The pitfalls on each path illustrate the importance of well written policies when it comes to employee investigations and SCA compliance. Let’s call this the Best Original Screenplay method: you write the policies in a way that leads your employees down the appropriate path, attempting to avoid the pitfalls entirely.
E-mail and computer usage policies should be narrow and unambiguous in delineating who can authorize access to e-mail accounts. The policy in Brown Jordan provided that access was controlled by “senior management” and also required a legitimate company purpose and permission of “corporate senior management.” Could it be improved with 20-20 hindsight from the best film critics or test audiences?
Had it stated that only the head of the parent company’s legal or compliance department can authorize access to other employees’ e-mail accounts, it might have dissuaded Carmicle from unilaterally conducting his own investigation. Even if it didn’t alter Carmicle’s approach, such a specific policy would make short work of Carmicle’s argument that he was “authorized” under the SCA.

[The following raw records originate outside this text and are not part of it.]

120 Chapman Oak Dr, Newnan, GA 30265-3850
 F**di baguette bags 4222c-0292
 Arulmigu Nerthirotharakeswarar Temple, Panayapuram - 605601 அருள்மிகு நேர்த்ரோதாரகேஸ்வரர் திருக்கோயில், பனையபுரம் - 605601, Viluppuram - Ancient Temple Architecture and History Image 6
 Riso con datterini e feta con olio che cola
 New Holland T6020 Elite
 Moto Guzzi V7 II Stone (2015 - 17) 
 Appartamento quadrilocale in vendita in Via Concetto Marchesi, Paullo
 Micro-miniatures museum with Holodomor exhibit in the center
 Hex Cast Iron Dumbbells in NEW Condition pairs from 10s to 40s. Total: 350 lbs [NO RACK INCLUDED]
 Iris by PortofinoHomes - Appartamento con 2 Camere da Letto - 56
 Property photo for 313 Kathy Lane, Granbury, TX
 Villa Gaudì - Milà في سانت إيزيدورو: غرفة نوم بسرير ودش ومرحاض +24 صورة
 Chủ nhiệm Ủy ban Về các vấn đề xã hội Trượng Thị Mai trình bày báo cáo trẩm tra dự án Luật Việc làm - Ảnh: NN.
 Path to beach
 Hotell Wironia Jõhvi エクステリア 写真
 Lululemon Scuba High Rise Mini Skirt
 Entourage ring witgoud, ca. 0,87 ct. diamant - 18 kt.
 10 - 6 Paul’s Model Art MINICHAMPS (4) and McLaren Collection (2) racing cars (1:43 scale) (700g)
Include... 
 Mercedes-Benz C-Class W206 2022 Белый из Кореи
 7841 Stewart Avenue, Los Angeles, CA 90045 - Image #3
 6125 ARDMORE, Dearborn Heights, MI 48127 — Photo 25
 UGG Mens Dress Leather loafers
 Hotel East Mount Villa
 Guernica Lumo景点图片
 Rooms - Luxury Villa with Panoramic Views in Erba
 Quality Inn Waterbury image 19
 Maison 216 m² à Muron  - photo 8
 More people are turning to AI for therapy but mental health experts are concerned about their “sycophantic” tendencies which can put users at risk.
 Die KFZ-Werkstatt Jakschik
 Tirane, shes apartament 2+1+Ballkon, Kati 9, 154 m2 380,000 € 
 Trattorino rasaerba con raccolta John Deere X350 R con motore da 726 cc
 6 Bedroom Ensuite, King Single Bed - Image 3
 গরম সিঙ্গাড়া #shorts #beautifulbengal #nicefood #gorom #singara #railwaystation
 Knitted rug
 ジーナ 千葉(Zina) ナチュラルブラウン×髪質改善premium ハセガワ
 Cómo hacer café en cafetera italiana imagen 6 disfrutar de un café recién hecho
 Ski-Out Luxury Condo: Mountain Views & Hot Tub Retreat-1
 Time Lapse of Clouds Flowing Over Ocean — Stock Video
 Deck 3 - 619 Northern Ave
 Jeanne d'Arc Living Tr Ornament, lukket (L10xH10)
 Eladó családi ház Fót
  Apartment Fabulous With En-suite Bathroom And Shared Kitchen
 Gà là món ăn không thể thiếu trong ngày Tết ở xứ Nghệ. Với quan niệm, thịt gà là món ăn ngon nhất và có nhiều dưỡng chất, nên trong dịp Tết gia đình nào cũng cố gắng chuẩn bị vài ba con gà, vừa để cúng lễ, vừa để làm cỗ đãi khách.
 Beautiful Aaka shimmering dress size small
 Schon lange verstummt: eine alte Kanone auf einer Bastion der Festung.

It is equally important to address separately in policies on compliance what is expected from employees in reporting misconduct. For instance, the conventional wisdom has been to use a policy statement that informs employees of their obligation to report wrongdoing and the protections afforded them for making such reports in good faith. Given the SCA issues, a better policy should go on to inform employees that their role is to report rather than to become vigilante investigators and to emphasize the need to honor all computer and e-mail usage policies and applicable privacy laws.
With movie scenes influencing popular culture, better policies may not totally dissuade employees becoming ultra vires investigators/detectives. But, better policies will ensure that your movie has a happy ending.